Problem requirements. Take the line that contains "ANILLOS FORD ESCAPE" and all lines after it, up to and including the last line of the data, and write them out exactly; nothing else belongs in the answer.

Information supplied.
:::::

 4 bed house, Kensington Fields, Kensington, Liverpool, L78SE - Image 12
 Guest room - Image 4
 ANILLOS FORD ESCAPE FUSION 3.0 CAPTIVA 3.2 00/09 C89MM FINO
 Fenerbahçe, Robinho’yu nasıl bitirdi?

:::::

Response to this exercise.
 ANILLOS FORD ESCAPE FUSION 3.0 CAPTIVA 3.2 00/09 C89MM FINO
 Fenerbahçe, Robinho’yu nasıl bitirdi?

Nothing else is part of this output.